Wednesday, February 27, 2008

Review: "Persepolis"

I saw Persepolis for the first time weeks ago, but am just now bringing myself to write a review. Chalk it up as laziness, or probably more accurately, as a need to let the film sink in and digest for a while.

Put simply, I didn't quite know what to say.

Those who know me will find that to be quite unusual I'm sure, but Persepolis is such an interesting, unusual film that it's hard to find the right words to do it justice.

Based on the series of autobiographical graphic novels by Marjane Satrapi, and directed by Satrapi and French director Vincent Paronnaud, Persepolis chronicles the life of an independent minded girl growing up in Iran during the revolution in the 1970s, and later during the period of oppression by a government ruled by Islamic fundamentalists.

One would think that this would make a fantastic live-action coming of age drama, but in a wholly unique (and ultimately, correct) move, Satrapi chose to make the entire film animated in the style of her black and white drawings, using only sparse color when the film is in the present day (the rest is told as a flashback).

Marji is an outspoken spitfire, a trait that often gets her into trouble with her teachers, who are devoted to the more hard-line mullahs under the rule of the Shah. However, when the Shah is overthrown, the lives of Marji and her family are thrown into turmoil, as her family is on the frontline of the revolution, only to itself fall under the oppression of the new Islamic government.

For someone who lived through such hell, one would almost expect a trace of bitterness in Satrapi's storytelling, but instead she directs with a light hand and a keen sense of irony that never feels forced or angry. It is more of a lament, a poignant ode to Iran that could be, and in some ways once was. It is that sense of poignancy of wasted potential very present in Khaled Hosseini's The Kite Runner that Marc Forster's film adaptation failed to capture. While much of Persepolis is quirky and funny, there is an underlying sense of melancholy of seeing one's home turned into a harsh place that is no longer recognizable.

Satrapi also has an acute awareness of what it is like to be a child. Her young alter-ego is one of the most real cinematic children in recent memory, and to be a 2-D animated character, that is quite a feat indeed. But the film's simple style is so singular and so beautiful that it's almost easy to forget that what you are watching is animated. These are living, three dimensional characters that totally defy their two-dimensional medium.
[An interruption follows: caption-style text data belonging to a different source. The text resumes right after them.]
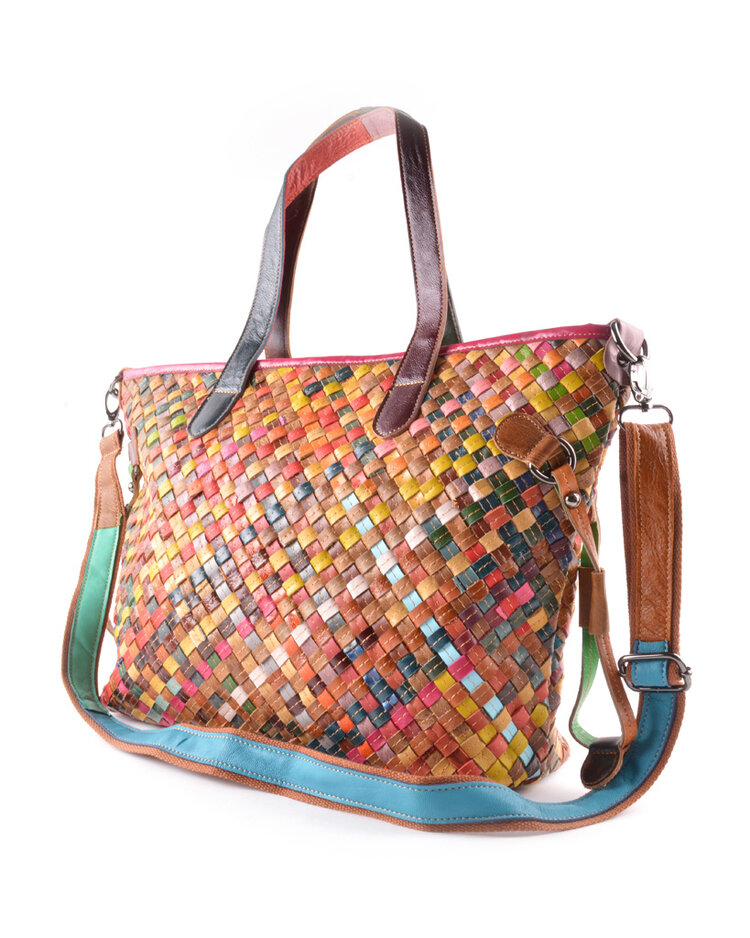 Lederen  handtas | 552559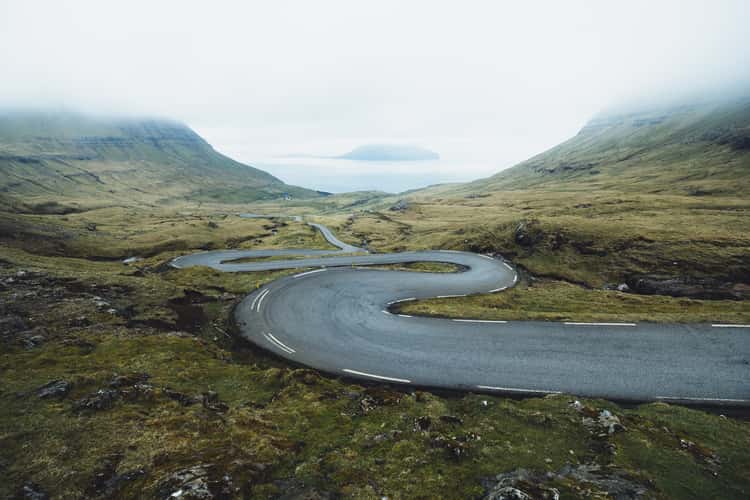 Snake road, Faroe Islands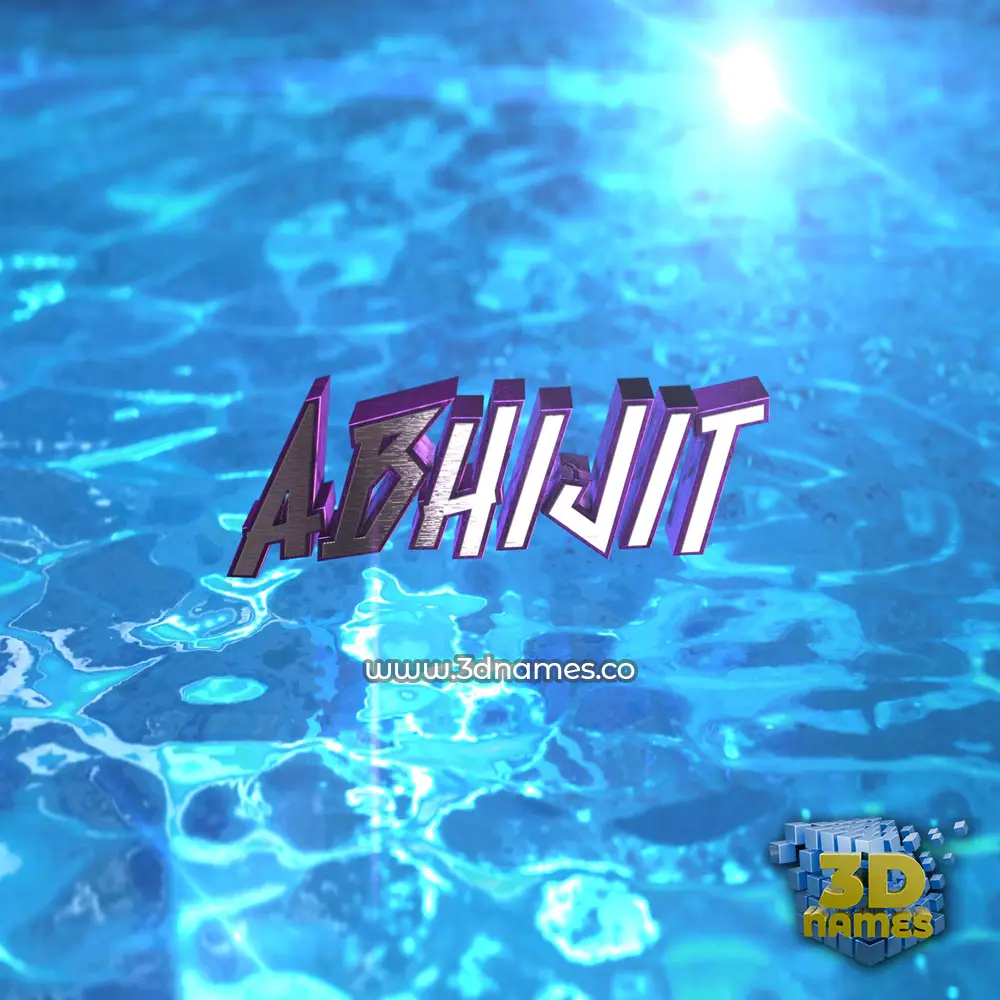 abhijit in Water 2015 style - 3D name wallpaper abhijit in Water 2015 style - 3D name wallpaper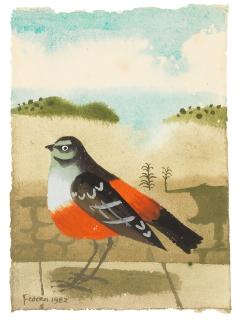 Mary Fedden R.A. - Rock Bunting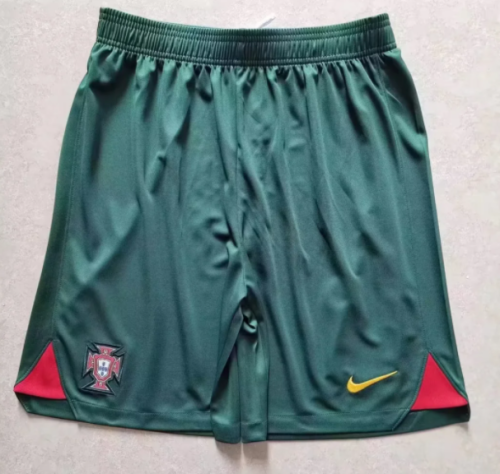 2022 Portugal Home Green Shorts
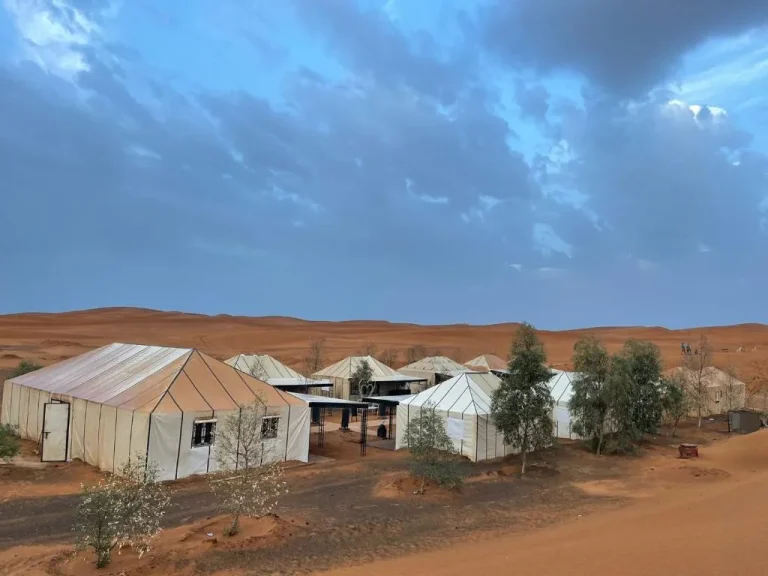 Overview of Toop Luxury Camp in the desert of Merzouga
It becomes almost free-associative after a while, switching back and forth between the present day, Marji's childhood exploits, and imagined conversations with the likes of God and Karl Marx. But Satrapi keeps it all grounded in reality, never straying far from the emotional truth of any given moment, whether it is achieved through comical absurdism or through impressionistic realism - the war scenes are especially haunting, and when added to Olivier Bernet's free-wheeling and mournful score, you have something that reaches near transcendence.

But for all of its artistic qualities, Persepolis is first and foremost a window into a world few Americans understand - and they understand even less the West's involvement in creating the current situation in Iran. That elevates the film from a mere tragic memoir and into something that should really be essential viewing for everyone who sees Iran as an unmitigated enemy of the United States. Persepolis humanizes a culture that is often vilified in America and presents a much more complex worldview than simple "us vs. them" mentality.

It is a masterful balancing of socially conscious drama, childhood memoir, and outright comedy, highlighting the absurdity of a culture ruled by petty fundamentalism. It is a film whose relevance resonates beyond Iran - and is at once a fascinating first-person historical account and a gorgeous work of art.

GRADE - ****

PERSEPOLIS; Directed by Marjane Satrapi and Vincent Paronnaud; Voices of Catherine Deneuve, Chiara Mastroianni, Danielle Darrieux, Gena Rowlands, Simon Abkarian, Tilly Mandelbrot; Rated PG-13 for mature thematic material including violent images, sexual references, language and brief drug content; In French w/English subtitles

1 comment:

Cinemaniac said...

This review is too amazing and extracted from my wavelength to comment on every single brilliant point, so I'll simply say: PERSEPOLIS IS PHENOMENAL. Oh, and so are you for the terrific review =P.